Personal information
- Full name: Luis Carlos Perea
- Date of birth: 29 December 1963 (age 62)
- Place of birth: Turbo, Colombia
- Height: 1.81 m (5 ft 11 in)
- Position: Centre-back

Senior career*
- Years: Team / Apps / (Gls)
- 1983–1986: Independiente Medellín / 101 / (7)
- 1987–1990: Atlético Nacional / 76 / (6)
- 1991–1993: Independiente Medellín / 94 / (3)
- 1994: Atlético Junior / 1 / (0)
- 1994–1995: Toros Neza / 35 / (3)
- 1996: Deportes Tolima
- 1997–1998: Atlético Nacional
- Total:  / 307 / (19)

International career
- 1987–1994: Colombia / 78 / (2)

= Luis Carlos Perea =

Colombian footballer (born 1963)

Luis Carlos "Coroncoro" Perea (born 29 December 1963) is a Colombian former professional footballer who played as a central defender.

==Club career==
Perea was born in Turbo. During his career he played mainly with Independiente Medellín, where he would debut in 1983, and Atlético Nacional, but also had brief spells with Atlético Junior and Deportes Tolima.
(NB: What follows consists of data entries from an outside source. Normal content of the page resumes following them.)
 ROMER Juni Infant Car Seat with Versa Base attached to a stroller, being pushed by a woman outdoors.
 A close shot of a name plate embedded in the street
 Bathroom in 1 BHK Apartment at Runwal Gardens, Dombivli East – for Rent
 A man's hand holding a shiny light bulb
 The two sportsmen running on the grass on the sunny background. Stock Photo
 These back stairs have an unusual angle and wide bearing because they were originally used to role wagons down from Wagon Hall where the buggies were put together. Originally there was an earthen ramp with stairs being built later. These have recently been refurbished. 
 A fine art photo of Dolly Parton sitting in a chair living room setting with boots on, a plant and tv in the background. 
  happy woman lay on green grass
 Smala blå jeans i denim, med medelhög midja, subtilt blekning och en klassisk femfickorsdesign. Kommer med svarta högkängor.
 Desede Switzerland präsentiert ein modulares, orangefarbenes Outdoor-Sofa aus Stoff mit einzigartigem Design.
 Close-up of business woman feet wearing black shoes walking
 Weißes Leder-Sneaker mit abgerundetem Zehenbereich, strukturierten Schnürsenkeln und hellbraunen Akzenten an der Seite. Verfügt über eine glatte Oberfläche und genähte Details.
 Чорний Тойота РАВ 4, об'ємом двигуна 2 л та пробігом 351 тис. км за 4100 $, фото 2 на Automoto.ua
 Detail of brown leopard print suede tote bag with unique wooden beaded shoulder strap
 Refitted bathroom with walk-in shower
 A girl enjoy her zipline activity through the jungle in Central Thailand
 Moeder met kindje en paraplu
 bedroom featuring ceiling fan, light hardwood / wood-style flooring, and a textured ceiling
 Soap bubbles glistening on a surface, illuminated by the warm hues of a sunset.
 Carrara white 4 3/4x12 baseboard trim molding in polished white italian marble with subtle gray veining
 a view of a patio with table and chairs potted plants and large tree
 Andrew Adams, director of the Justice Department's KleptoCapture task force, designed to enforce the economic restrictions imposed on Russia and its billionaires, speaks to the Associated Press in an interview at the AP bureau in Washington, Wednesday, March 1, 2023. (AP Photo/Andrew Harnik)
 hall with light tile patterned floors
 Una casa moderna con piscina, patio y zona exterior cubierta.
Abroad, Perea represented Toros Neza in Mexico, and he won the 1989 Copa Libertadores with Nacional. He moved to the United States in 1999, intending to sign with the Miami Fusion or Tampa Bay Mutiny; he did not join either club and retired from playing, but began working as a player development coach at the Miami Strike Force. He is also a coach at pathway miami.

==International career==
Over seven years, Perea played 78 games and scored two goals for the Colombia national team. This included six appearances at the 1990 and the 1994 FIFA World Cups combined.

Perea participated in four Copa América finals, and netted his first international goal in the 1993 Copa América, in the 88th minute of the quarter-final match against Uruguay (1–1 after 120 minutes, penalty shootout win).

===International goals===
Scores and results list Colombia's goal tally first, score column indicates score after each Perea goal.

List of international goals scored by Luis Carlos Perea
| No. | Date | Venue | Opponent | Score | Result | Competition |
|---|---|---|---|---|---|---|
| 1 | 30 March 1988 | Estadio Centenario, Armenia, Colombia | Canada | 1–0 | 3–0 | Friendly |
| 2 | 26 June 1993 | Monumental Isidro Romero Carbo, Guayaquil, Ecuador | Uruguay | 1–1 | 1–1 | 1993 Copa América |

==Personal life==
Perea was named in a list of the top 100 prominent Latinos living in Miami. His son, Luis Alberto, was also a footballer. A forward, he played for a host of clubs in several countries.